ピクサーやディズニーの短編アニメーション映画の一部は『ピクサー・ショート・フィルム & ピクサー・ストーリー』や『ディズニー・ショートフィルム・コレクション』としてパッケージ化されているので、気になる人はチェックしてみてはいかが?
■短編アニメーション映画の可能性を追求する「ポノック短編劇場」
アニメ大国と呼ばれる日本でも意欲的な短編作品は数多く制作されている。そのなかでも、この夏の締めくくりにピッタリなのが、8月24日より全国ロードショー公開される『ちいさな英雄―カニとタマゴと透明人間―』だ。
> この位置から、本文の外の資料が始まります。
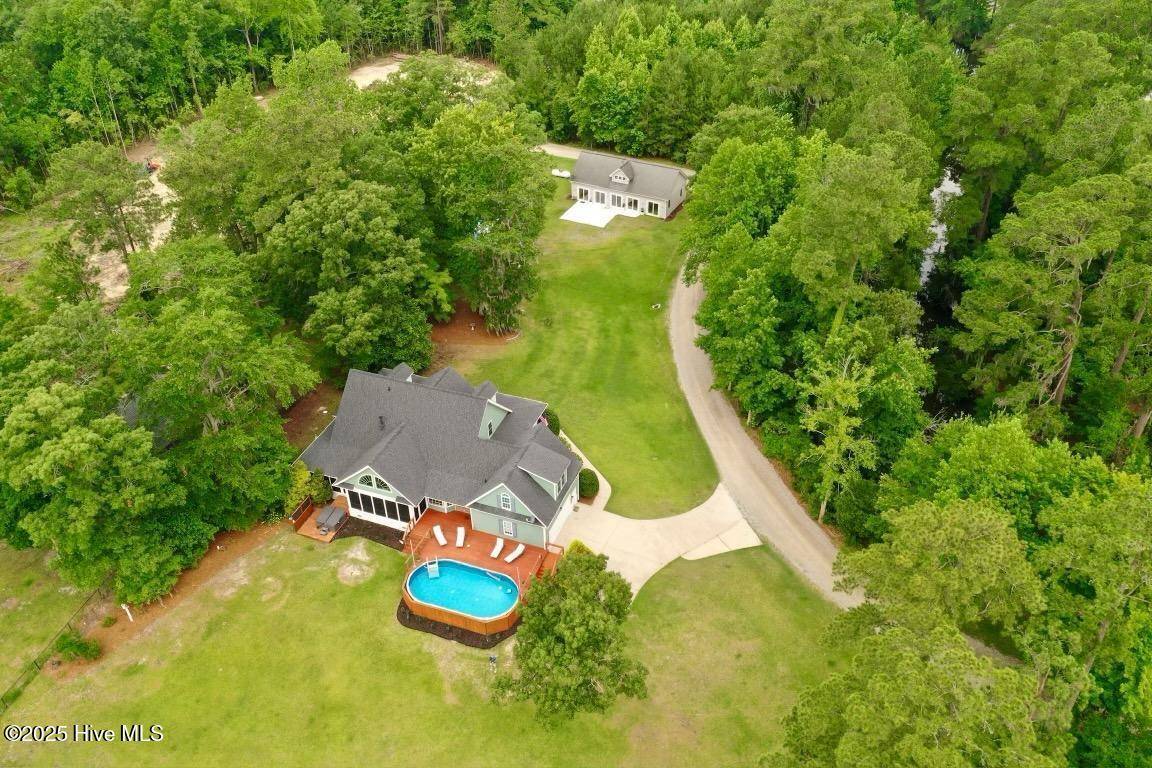 Chocowinity, NC 27817,609 Long Point RD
昨年公開されて大ヒットした長編アニメーション映画『メアリと魔女の花』のスタジオポノックが制作を手がけている。
同作は、スタジオポノックが新設した、短編アニメーション映画専門レーベル「ポノック短編劇場」の記念すべき第1弾作品。タイトルにもある「ちいさな英雄」をテーマにしたアンソロジーで、3つの短編で構成されている。
そのうちひとつめの作品が、大嵐で川に消えた父を探すため冒険の旅に出るサワガニの兄弟の勇気を描いたファンタジー『カニーニとカニーノ』だ。『メアリと魔女の花』の米林宏昌監督によるオリジナル作品で、手描きとCGを融合させた美しい水中の描写や、主人公のカニの少年たちの可愛らしさなどが見どころ。セリフらしいセリフはほとんどなく、登場人物たちがお互いの名前を呼び合っているだけのように聞こえるのだが(カニ語を喋っているという設定らしい)、にもかかわらず登場人物の感情がダイレクトに伝わってくるのが印象的だ。

ふたつめの作品は、生まれたときからたまごアレルギーを抱えながらもたくましく生きる少年と、その母の絆を描いた実話ベースの人間ドラマ『サムライエッグ』。水彩や色鉛筆で描いたような温かいタッチと、不安を抱かせる荒々しいタッチとのギャップで緊張感を表現するなど、独特の色彩表現による「動く絵本」のような世界観が特徴になっている。メガホンをとった百瀬義行監督は、巨匠・高畑勲監督の右腕としてその作品を支えてきた人物。PVやCMなどで常に新しいアニメーション映像を追求してきたという百瀬監督ならではの、斬新で感性豊かな作品に仕上がっている。

3つめの作品は、都会の隅でひっそりと生きる男の日常と孤独な闘いを描いたスペクタクルアクション『透明人間』。スタジオジブリの宮崎駿監督作品で知られるアニメーターの山下明彦さんが監督を務めている。作中には、他人から見えず、存在を認識もされない男性が登場するのだが、体のパーツも顔も表情もまったく描かれないにもかかわらず、その存在感や感情の起伏などが伝わってくる。しかも、CGはほとんど使われず、大部分が手描きで表現されているというからすごい。男性は最終的に重力からも見放され宙を漂うようになるのだが、存在が消滅する危機にさらされても必死に抗おうと闘う姿は多くの共感を呼びそうだ。

3編とも、短編アニメーション映画ならではの実験的な精神に満ちた作品ばかり。しかも、単純に物語としてもおもしろく、主人公たちのちいさな勇気を通して深い感動をもらうことができる。まさに「平成最後の夏」の締めくくりに鑑賞するのに最適。スタジオポノックでは、今後も「ポノック短編劇場」から新作を世に送り出していくとのことなので、今後の動向も楽しみにしたいところだ。